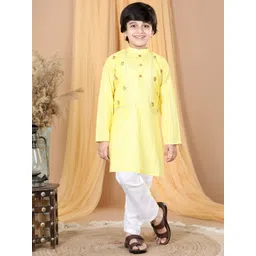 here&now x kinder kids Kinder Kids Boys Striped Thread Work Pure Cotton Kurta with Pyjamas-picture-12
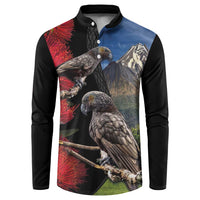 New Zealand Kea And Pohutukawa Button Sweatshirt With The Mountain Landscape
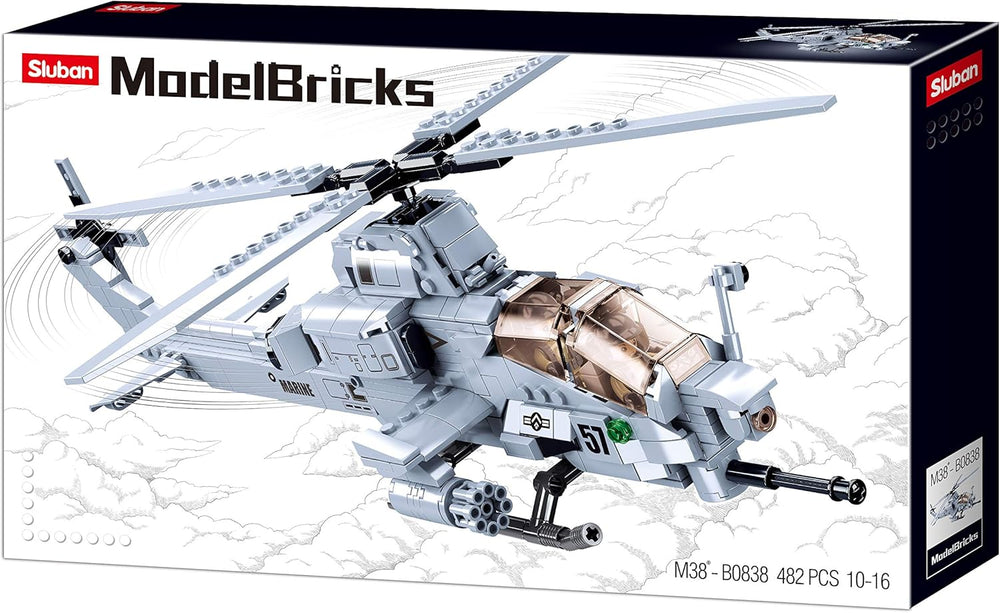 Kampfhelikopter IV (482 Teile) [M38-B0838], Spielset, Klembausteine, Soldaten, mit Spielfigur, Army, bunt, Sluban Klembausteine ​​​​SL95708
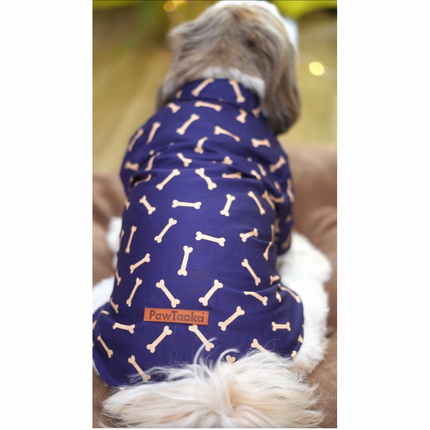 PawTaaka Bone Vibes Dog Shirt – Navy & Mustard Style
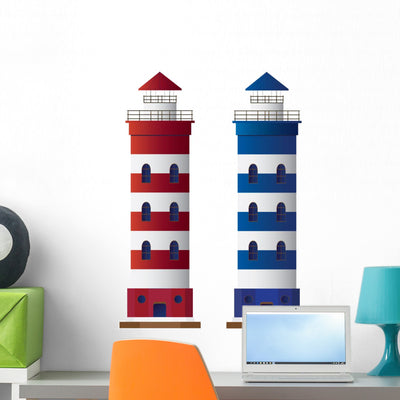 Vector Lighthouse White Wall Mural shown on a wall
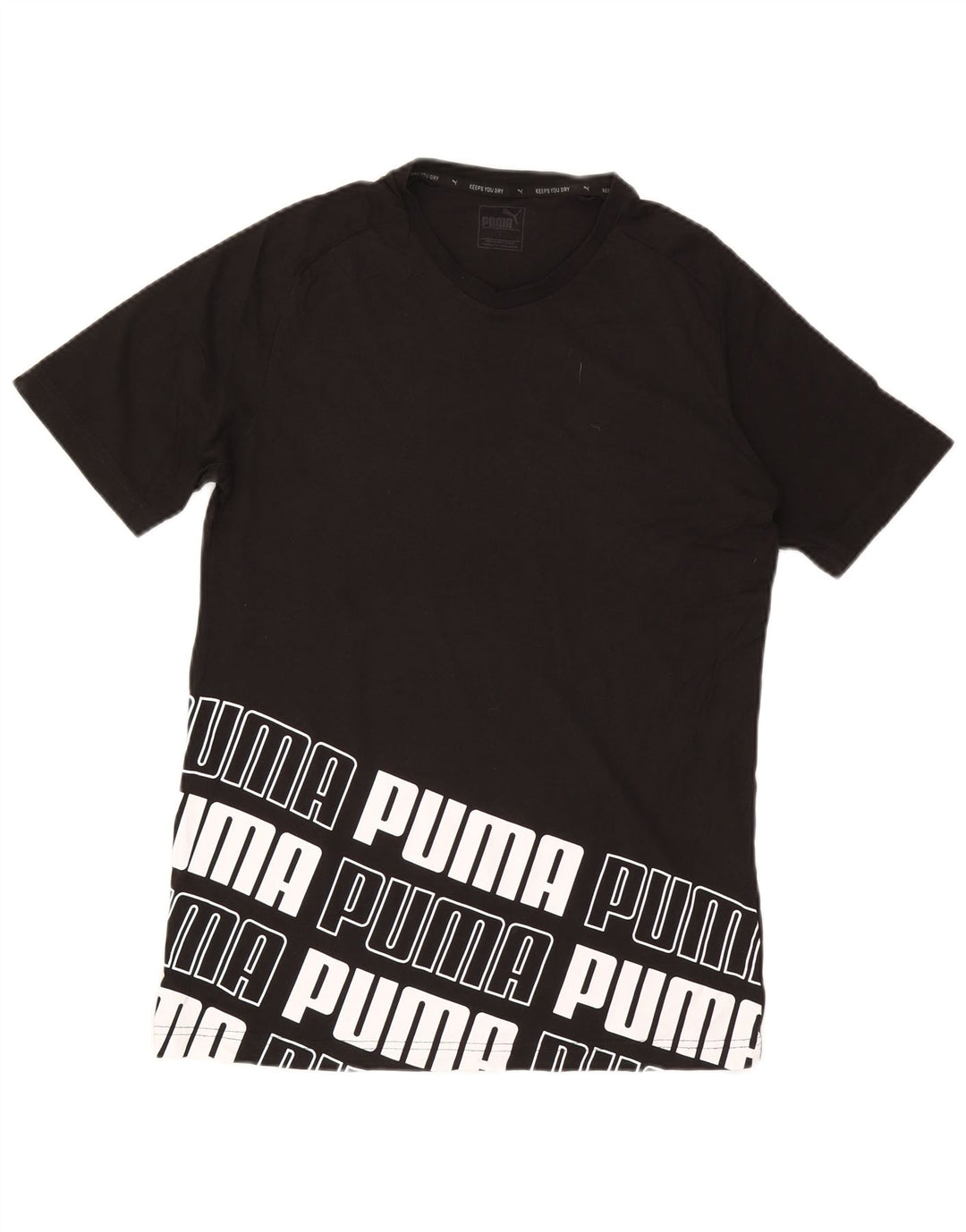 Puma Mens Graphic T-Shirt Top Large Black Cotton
#####
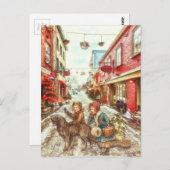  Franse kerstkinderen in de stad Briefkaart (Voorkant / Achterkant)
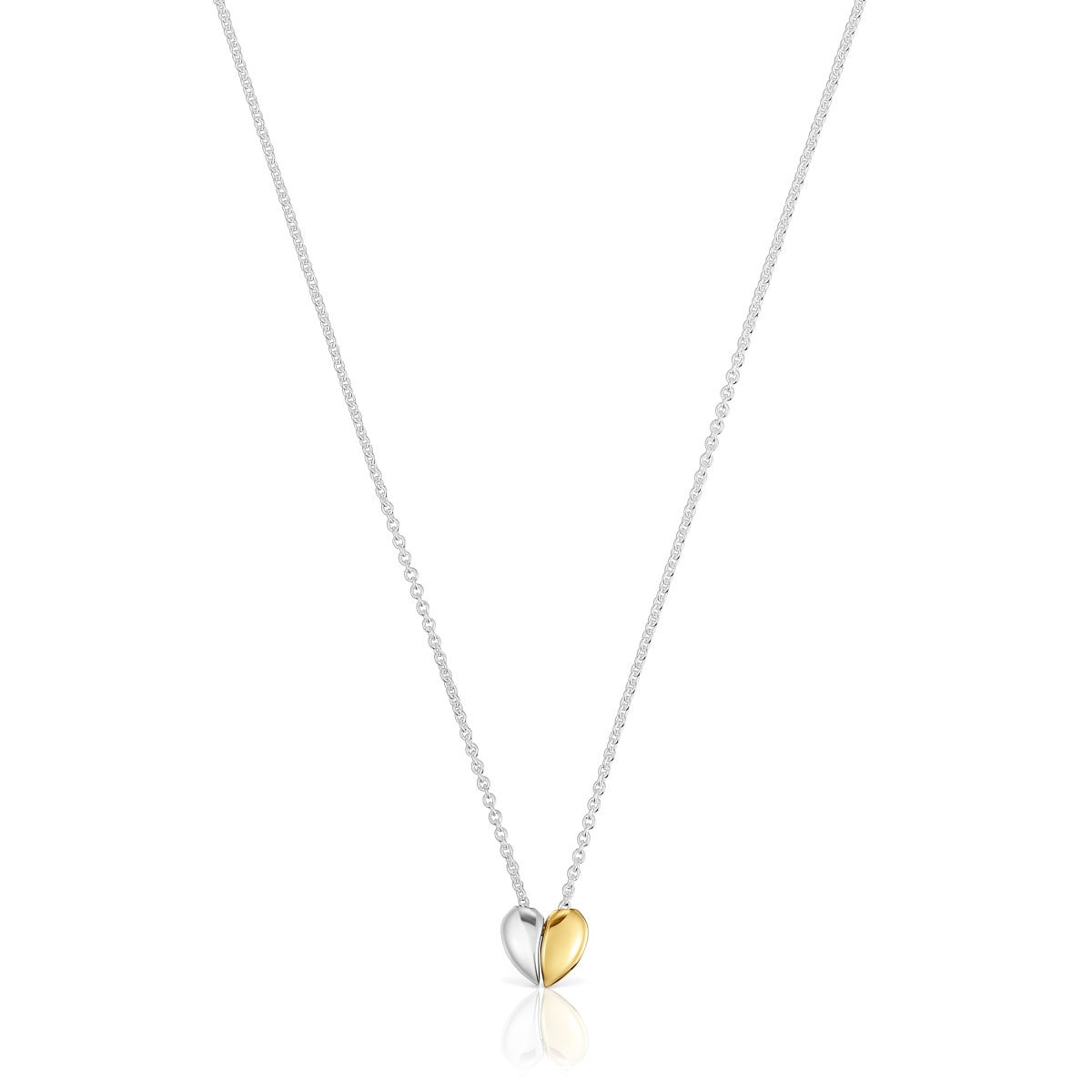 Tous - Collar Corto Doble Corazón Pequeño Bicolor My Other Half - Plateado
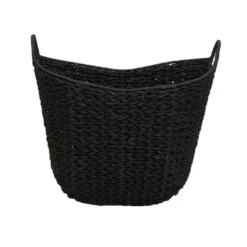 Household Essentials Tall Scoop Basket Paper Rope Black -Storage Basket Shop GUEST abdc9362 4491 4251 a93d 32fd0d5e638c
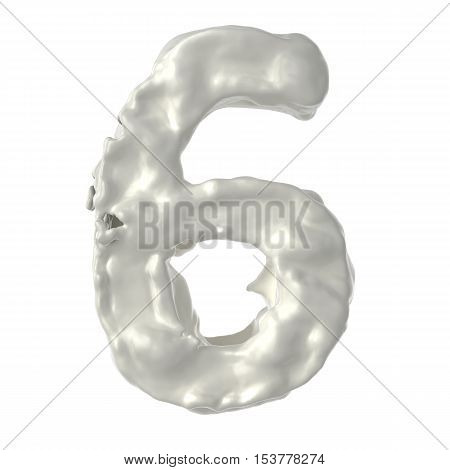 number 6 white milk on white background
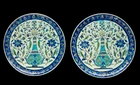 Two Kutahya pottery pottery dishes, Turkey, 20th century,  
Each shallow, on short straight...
#####
# PROBLEM REQUIREMENTS
Each line above that falls between the line with "number 6 white milk on white background" and the line with "Each shallow, on short straight..." should be printed exactly, together with those two lines, but the pictures should not.

# ANSWER BOX
 number 6 white milk on white background
 Two Kutahya pottery pottery dishes, Turkey, 20th century,  
Each shallow, on short straight...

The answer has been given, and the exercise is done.